I felt uncertain about my results. But after analysis of my results, I had properly distinguished 96% of the celebrity faces. The conclusion was that I qualified as a "borderline super-recognizer".

Understanding Incorrect Identification Frequencies

I also excelled in the old/new faces task, which was described as especially effective for measuring someone's recall for faces. The subject looks at a sequence of 60 black-and-white photos, each of a distinct face. Then they examine a string of 120 comparable photos – the first group plus 60 unknown visages – and identify which were in the initial group. The super-recognizer cutoff is roughly 80%; I recalled 78% of the faces I'd seen. On the other end of the continuum, people with face blindness accurately identify an average of 57%.

I felt satisfied with my performance, but also taken aback. I recognized many of the old faces, but infrequently confused a unfamiliar countenance for one that I'd seen before. My result on this indicator, called the incorrect identification frequency, was 18%. Normal recognizers, superior face rememberers and those with facial agnosia all have a incorrect identification frequency of about 30% on average. So why was I mistaking a unknown person's face for my grandma's?

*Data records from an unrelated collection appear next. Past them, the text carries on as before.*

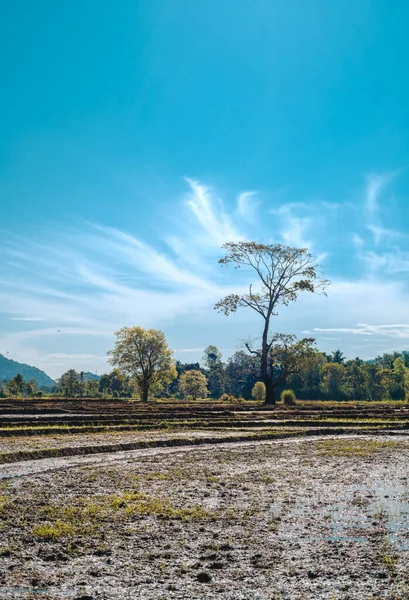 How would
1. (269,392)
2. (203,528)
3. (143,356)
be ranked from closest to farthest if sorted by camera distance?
1. (203,528)
2. (269,392)
3. (143,356)

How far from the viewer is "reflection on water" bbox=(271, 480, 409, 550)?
338 inches

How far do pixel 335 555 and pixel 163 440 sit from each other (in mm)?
14788

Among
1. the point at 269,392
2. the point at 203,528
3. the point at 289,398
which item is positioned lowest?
the point at 203,528

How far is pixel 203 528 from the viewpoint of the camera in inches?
351

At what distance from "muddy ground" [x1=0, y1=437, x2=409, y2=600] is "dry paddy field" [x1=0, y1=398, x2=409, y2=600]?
24 millimetres

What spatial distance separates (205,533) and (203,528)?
25 centimetres

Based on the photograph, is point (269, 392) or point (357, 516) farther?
point (269, 392)


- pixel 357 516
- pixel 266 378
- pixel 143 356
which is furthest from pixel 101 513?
pixel 143 356

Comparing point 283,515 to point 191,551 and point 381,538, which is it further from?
point 191,551

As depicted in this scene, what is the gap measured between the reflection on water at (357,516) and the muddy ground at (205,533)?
0.02 metres

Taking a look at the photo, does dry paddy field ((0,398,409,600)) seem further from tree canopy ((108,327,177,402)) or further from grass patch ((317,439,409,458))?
tree canopy ((108,327,177,402))

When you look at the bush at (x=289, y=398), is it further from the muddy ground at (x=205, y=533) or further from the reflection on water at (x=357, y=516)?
the reflection on water at (x=357, y=516)

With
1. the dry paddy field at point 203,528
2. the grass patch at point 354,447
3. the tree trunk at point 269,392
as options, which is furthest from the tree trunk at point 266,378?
the dry paddy field at point 203,528

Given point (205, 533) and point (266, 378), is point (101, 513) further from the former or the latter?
point (266, 378) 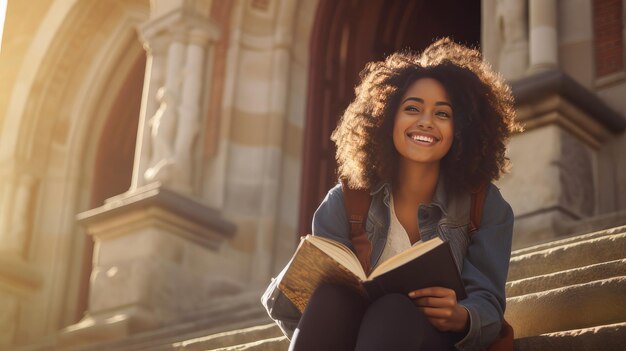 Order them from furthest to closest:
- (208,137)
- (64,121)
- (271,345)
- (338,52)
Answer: (64,121) → (338,52) → (208,137) → (271,345)

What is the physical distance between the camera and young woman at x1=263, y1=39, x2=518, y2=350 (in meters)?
3.01

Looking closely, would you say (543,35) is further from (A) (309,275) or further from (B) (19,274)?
(B) (19,274)

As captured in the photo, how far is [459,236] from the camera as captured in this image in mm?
3232

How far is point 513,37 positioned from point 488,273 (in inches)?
159

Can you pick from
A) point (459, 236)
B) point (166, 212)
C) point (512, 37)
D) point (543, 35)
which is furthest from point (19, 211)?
point (459, 236)

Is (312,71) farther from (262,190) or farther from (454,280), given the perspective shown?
(454,280)

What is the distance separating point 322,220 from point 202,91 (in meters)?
5.86

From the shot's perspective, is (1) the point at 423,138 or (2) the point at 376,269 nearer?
(2) the point at 376,269

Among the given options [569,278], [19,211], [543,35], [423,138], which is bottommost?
[569,278]

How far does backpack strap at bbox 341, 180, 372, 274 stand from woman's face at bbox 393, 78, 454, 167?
190mm

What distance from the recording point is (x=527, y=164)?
619cm

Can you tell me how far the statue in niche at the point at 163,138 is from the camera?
27.7 feet

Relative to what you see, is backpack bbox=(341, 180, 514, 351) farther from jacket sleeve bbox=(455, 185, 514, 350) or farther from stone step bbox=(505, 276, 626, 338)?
stone step bbox=(505, 276, 626, 338)

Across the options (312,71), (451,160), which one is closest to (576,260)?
(451,160) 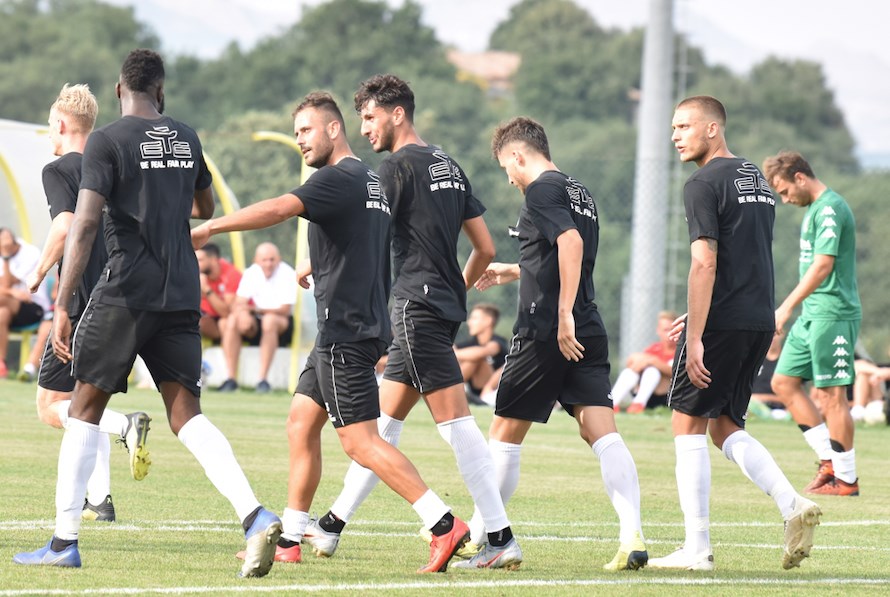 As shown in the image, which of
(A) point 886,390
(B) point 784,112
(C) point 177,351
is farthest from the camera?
(B) point 784,112

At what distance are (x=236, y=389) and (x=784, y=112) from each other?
76794 millimetres

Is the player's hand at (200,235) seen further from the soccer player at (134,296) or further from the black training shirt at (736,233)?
the black training shirt at (736,233)

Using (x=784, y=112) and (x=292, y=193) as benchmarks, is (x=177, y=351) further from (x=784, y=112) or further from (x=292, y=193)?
(x=784, y=112)

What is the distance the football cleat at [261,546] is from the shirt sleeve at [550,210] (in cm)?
194

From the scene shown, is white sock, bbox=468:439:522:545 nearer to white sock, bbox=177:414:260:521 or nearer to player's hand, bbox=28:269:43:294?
white sock, bbox=177:414:260:521

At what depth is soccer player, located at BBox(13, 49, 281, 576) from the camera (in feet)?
20.6

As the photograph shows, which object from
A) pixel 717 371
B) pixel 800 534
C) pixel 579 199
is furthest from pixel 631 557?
pixel 579 199

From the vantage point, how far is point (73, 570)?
20.5 ft

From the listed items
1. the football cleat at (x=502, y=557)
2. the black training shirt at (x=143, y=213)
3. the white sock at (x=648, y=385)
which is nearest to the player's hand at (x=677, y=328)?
the football cleat at (x=502, y=557)

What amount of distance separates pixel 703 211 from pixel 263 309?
11549 millimetres

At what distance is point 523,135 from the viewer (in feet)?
24.1

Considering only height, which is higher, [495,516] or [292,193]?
[292,193]

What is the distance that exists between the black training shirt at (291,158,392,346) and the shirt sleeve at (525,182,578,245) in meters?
0.78

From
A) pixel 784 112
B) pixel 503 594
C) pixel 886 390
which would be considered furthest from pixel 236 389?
pixel 784 112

Exploring Possible Explanations

It was proposed that I possibly possessed some super-recognizer abilities. Everyone has a database of the faces we know in our recollection, but super-recognizers – and likely borderline straddlers like me – have a comparatively extensive and high-resolution catalogue. We're also possibly to distinguish countenances – that is, assign characteristics to each face, such as approachability or discourtesy. Scientific investigation suggests that the latter helps people to learn and retain faces to enduring recollection. While individuating may help me recognize people, it may also deceive me into seeing my grandma in a woman who has a analogous presence.

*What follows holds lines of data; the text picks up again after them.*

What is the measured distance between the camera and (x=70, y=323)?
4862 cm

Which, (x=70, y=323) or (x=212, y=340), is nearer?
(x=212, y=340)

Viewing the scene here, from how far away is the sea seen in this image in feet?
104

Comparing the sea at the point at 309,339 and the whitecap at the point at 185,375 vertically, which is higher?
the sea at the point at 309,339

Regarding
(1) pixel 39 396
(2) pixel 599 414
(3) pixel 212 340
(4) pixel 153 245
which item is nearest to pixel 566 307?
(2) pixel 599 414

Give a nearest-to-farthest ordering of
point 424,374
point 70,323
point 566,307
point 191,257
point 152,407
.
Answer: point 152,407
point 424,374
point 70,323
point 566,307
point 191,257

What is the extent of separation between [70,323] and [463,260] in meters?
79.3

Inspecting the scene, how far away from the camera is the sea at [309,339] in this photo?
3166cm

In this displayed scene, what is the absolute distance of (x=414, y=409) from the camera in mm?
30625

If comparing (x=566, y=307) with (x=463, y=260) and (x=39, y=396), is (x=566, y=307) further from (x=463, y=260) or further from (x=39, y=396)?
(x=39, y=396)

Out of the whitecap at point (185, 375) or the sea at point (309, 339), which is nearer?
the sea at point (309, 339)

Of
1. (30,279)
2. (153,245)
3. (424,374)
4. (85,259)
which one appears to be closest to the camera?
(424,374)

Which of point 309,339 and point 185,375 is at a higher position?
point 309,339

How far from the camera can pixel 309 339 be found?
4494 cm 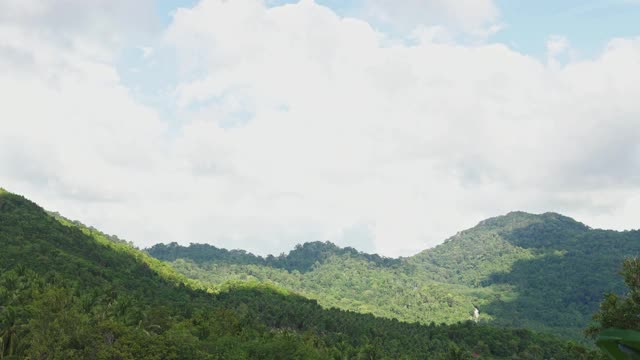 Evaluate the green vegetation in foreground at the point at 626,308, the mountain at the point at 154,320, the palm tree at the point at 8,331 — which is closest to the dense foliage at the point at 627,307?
the green vegetation in foreground at the point at 626,308

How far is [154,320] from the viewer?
87.9 m

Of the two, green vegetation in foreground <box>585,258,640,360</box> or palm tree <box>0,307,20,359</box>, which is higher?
green vegetation in foreground <box>585,258,640,360</box>

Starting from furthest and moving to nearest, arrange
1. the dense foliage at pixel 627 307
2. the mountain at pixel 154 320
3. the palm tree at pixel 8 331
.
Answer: the palm tree at pixel 8 331 < the mountain at pixel 154 320 < the dense foliage at pixel 627 307

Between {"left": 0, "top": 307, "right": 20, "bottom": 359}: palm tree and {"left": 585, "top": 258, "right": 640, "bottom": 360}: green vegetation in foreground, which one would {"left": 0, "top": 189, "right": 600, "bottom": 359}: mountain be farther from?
{"left": 585, "top": 258, "right": 640, "bottom": 360}: green vegetation in foreground

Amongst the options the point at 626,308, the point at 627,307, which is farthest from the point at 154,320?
the point at 627,307

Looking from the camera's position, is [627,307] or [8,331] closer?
[627,307]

In addition, it was thought I might be "an active face perceiver", meaning I pay a significant focus to faces. Others may have more incorrect identification moments, thinking they recognize someone they don't know. But because I tend to look closely at faces, I am disposed to notice the unfamiliar individual who similar to my elderly relative. Indeed, one acquaintance who said she doesn't make person recognition mistakes acknowledged she doesn't really look at the people around her.

Investigating Hyperfamiliarity for Faces

These tests helped me understand where I stood on the spectrum. But I wanted to understand more about what is happening in the brain when we "recognize" unfamiliar individuals. Researching further, I read about a disorder called hyperfamiliarity for faces (HFF), in which unfamiliar faces appear familiar. Superficially, this sounded like it could pertain to me. But the few of recorded occurrences all took place after a health incident such as a convulsion or stroke, unlike the quirk that I've been noticing my whole grown-up existence.

Through scientific platforms, experts have heard from about 24,000 prosopagnosics, as well as people with all kinds of facial recognition challenges, including sight abnormalities, like when faces appear to be liquefying. Researchers study many of these people, using methods like the known/unknown countenances task and the memory for faces evaluation.

Experts have heard from only a small number of people with potential HFF in extended periods of investigation.

"The frequency is quite low," one expert said of HFF. However, they speculated that there may be a spectrum, with some people who think every face is known, and others, like me, who only experience it a multiple instances a month.

{Understanding

Shelby Brooks
Shelby Brooks

A seasoned real estate expert specializing in luxury properties in Italy, with over 15 years of experience in the Capri market.